Why Create a Holding Company in Switzerland?


Are you looking for a country to create a holding company in? There are a number of different reasons you may want to do so, and there are many countries in which you can create such a company. However, some of these countries offer much better tax benefits than others, and a savvy entrepreneur will want to take advantage of as many of these benefits as possible. That’s why many choose to form their holding companies in Switzerland.

Certain Cantons Offer Great Benefits

Switzerland is split into 26 different cantons, each of which has its own tax rate and other specific rules related to businesses. Before you start your holding company in Switzerland, you’ll want to examine the different cantons and their tax laws. Canton Zug is one of the lowest tax rates in the country, making it an ideal location for your holding company. In fact, one out of every four holding companies created in Switzerland is based in Zug. The permanent benefits found here are certainly worth it.

Participation Exemption

Holding companies in Zug are not taxed as much on earned dividends as they are in other countries. They do have to pay some income tax on dividends, but the rate is reduced a specific amount. This amount is based on the ratio of the net dividend income to the company’s total profit. In addition to reducing the company’s taxes paid to the canton, it also reduces its overall federal income tax. The end result is that most holding companies pay very little income tax at any level. The company would still pay its corporation tax, though: that tax is not subject to any reduction.

Income Tax

Holding companies do not pay any income taxes to the canton. This holding privilege is one reason why many entrepreneurs consider a Swiss holding company over starting a business in other countries. This means that dividends, income from the sale of dividends, interest income, and any other income is completely tax-free at both the community and canton levels.
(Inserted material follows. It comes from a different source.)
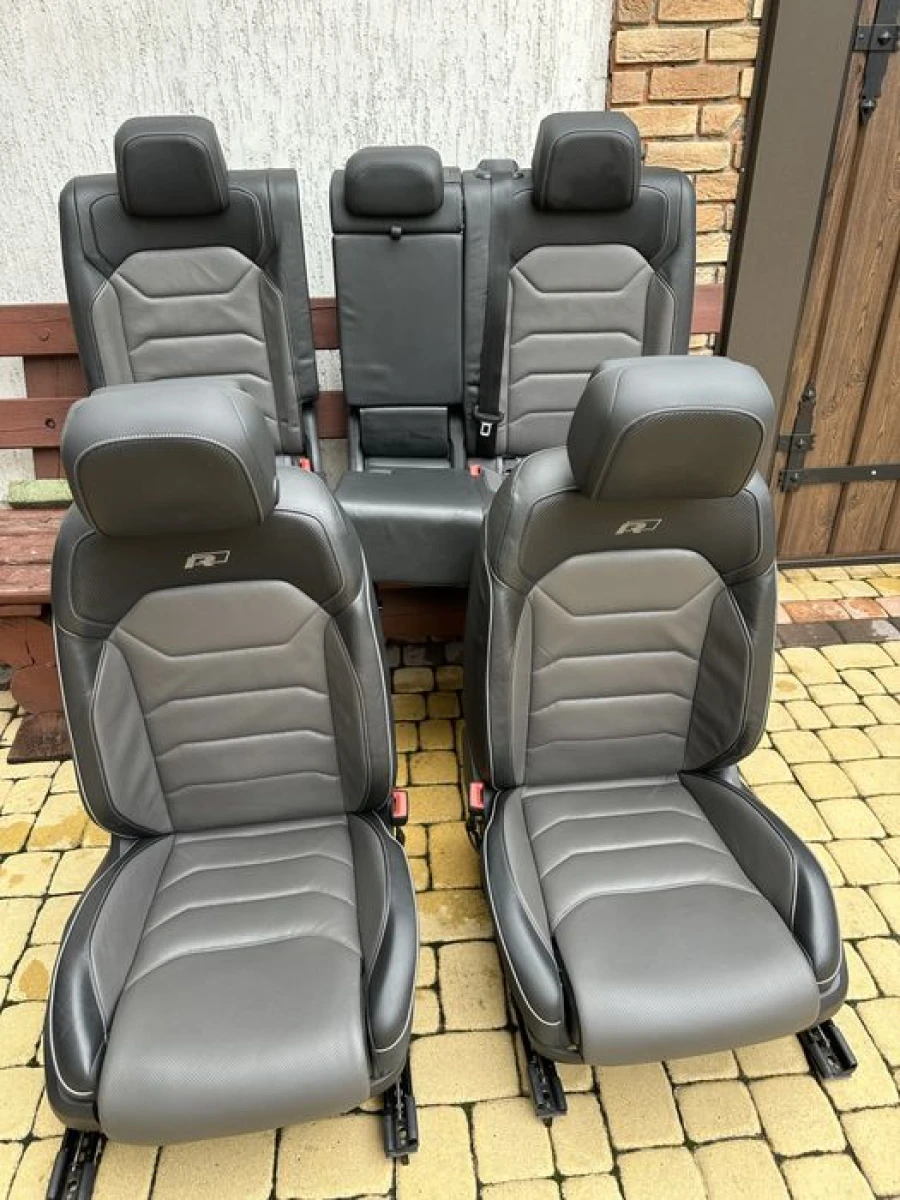 Touareg CR Шторка багажника, ролета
However, there are some requirements that holding companies must meet in order to take advantage of these tax benefits. Two-thirds of the holding company’s assets must come from shareholding or be derived from shareholding activities. The company also must own shares that equal 10% or more in one shareholding activity, or have the value of more than CHF 1,000,000 in a shareholding activity. Finally, the business needs to have engaged in a shareholding activity for at least a year. As a holding company, you will also not be allowed to conduct any business activity in the country that does not relate to asset management, group management, or foreign business activities.


There are some exemptions that are taxed at the standard rate. For example, your holding company will pay full tax on any real estate your company purchases in Switzerland. Your company will also pay income tax on any royalties or interest that must be taxed under any double tax treaty.